E em relação aos dispositivos móveis? Existe um profundo debate sobre ligar ou desligar celulares em sala de aula.
Girona – Esse é um problema delicado. Se fala muito, por exemplo, de utilizar dispositivos móveis em aula, mas na maior parte das escolas o celular é proibido. Isso é um erro. Nossos meninos e meninas de hoje nasceram em uma sociedade digital, é absurdo que os eduquemos à margem dessa realidade. Acredito que as novas tecnologias deveriam estar presentes na aula como os livros, os lápis, a lousa.

Mas nem todos têm acesso a essas tecnologias porque são caras.
Girona – Há escolas que pedem aos alunos para comprar um tablet no primeiro ano da escola secundária. E eles usam esse equipamento pelos quatro anos seguintes, sem ter que comprar livros, nem apostilas. Vale a pena o investimento.

O que o senhor diria aos professores que não têm clareza sobre essa questão?
Girona – Os professores tiveram que aprender fazendo e têm receio de usar a tecnologia. Sobretudo quando os alunos sabem mais do que eles. Mas as crianças sabe usar as técnicas. Nossa função é fazer com que as entendam e que saibam para quê usá-las. Pesquisar alguma coisa em um buscador é fácil, mas não é fácil discernir quais respostas são melhores do que outras. É preciso dar-lhes critérios para escolher, selecionar.

Meninos e meninas em situação de vulnerabilidade econômica e social também sofrem falta de atenção emocional. Os professores podem fazer algo a respeito?
Girona – Muitas vezes ouvi, na escola, a frase “Meus pais não gostam mais de mim”. A situação de muitas famílias impede que os pais, no final do dia, tenham alento para para mostrar a seus filhos o quanto os amam Isso é muito duro, principalmente para as crianças. Começamos a nos conscientizar dessa situação. Nós professores não apenas temos de ensinar conteúdos e disciplinas Junto com as famílias, somos os adultos de referência para essas crianças. Tudo aquilo que dizemos e fazes os impacta.

Por exemplo?
Girona – A forma como os recebemos na sala ou a forma como nos despedimos deles, o modo como elogiamos seus sucessos ou como corrigimos seus erros. Em tudo transmitimos emoções – por isso é preciso fazer essas coisas de forma justa e consciente. Acolhemos pessoas, crianças ou adolescentes, que estão sofrendo, que vivem, que têm ilusões e medos. É preciso ter isso presente durante o dia a dia. E da mesma forma que perguntamos a eles se tiveram dificuldade ou não com um exercício, deveríamos perguntar se gostaram de fazer, se se sentiram inseguros ou se fariam de outra forma.

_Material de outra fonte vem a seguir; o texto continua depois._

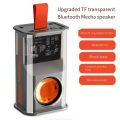 Small Mecha Bluetooth Speaker Outdoor Home Speaker Transparent Mecha Subwoofer Portable Bluetooth Speaker.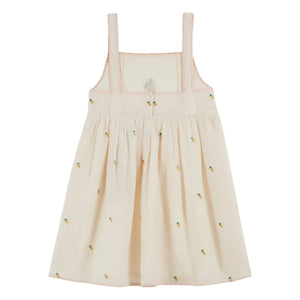 Emile et Ida - Kleid mit Zitronenstickerei | Creme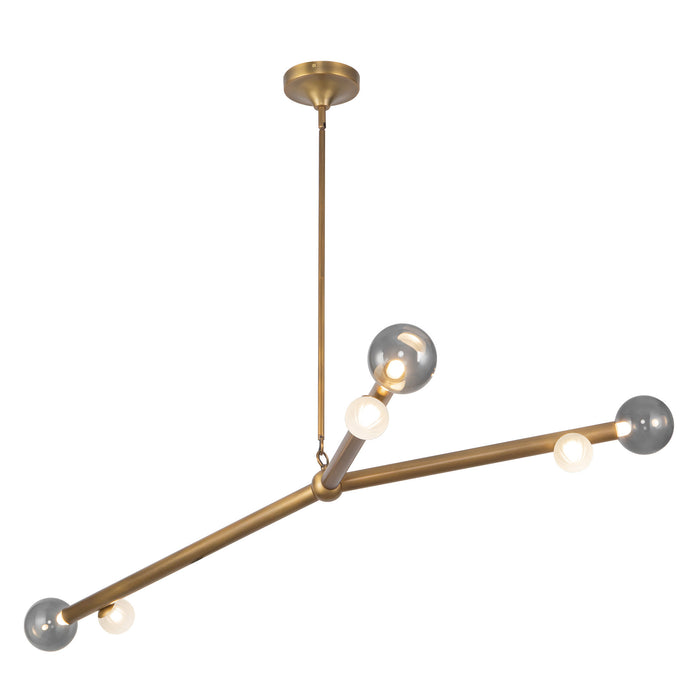 Reese 53-in Vintage Brass Dimmable LED Chandelier with Smoked Glass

Que conselhos daria aos professores?
Girona – Os docentes devem pensar que são referências desses estudantes, mais pelo que fazem do que pelo que dizem. Devemos estar conscientes de que eles são afetados e influenciados pelas nossas atitudes, pelo modo como os tratamos. Nós professores ensinamos, mas também educamos. A instrução se pode obter em qualquer lugar, mas a relação do adulto e da criança só pode se desenvolver na escola, nesse caso.

O professor continua, então, sendo uma referência?
Girona – Sim, o que nos leva a outra reflexão: que a educação está muito feminilizada. Há poucos professores homens, o que deveria ser revertido. Os meninos e as meninas precisam das duas referências na escola.

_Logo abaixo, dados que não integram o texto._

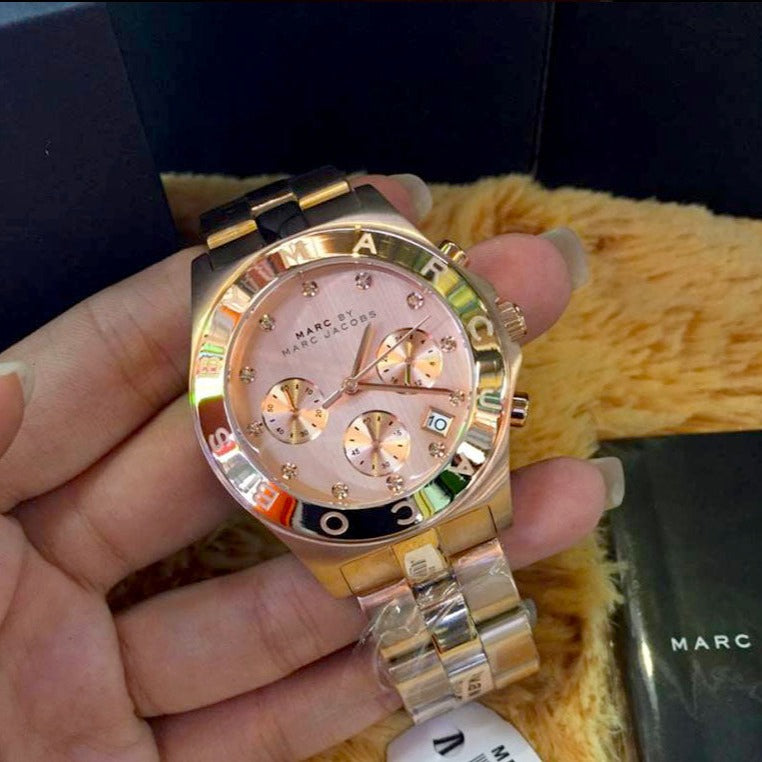Marc Jacobs Blade Chronograph Rose Gold Dial Rose Gold Steel Strap Watch for Women - MBM3102 Buy Now By Marc Jacobs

Há uma relação direta entre o nível socioeconômico das famílias e os conflitos nas escolas?
Girona – Não acredito, pois conflitos há em toda parte. Mesmo nas instituições privadas, que tentam esconder esses casos. É certo que com a crise econômica, a instabilidade dos alunos mudou, nota-se isso nas aulas.

Conflitos estão todo lugar
Girona – Sem dúvida. Nos falta compreender como são os adolescentes, que se rebelam contra a autoridade, contra os limites. Um adolescente que em todo o ciclo secundário nunca se rebelou deve ter algum problema no seu processo de amadurecimento. Mas não se aborrecem com as pessoas, se aborrecem com o limite que lhes foi imposto. Se nos conscientizarmos disso, certamente as reações de muitos professores serão menos visceral e os conflitos diminuiriam muito.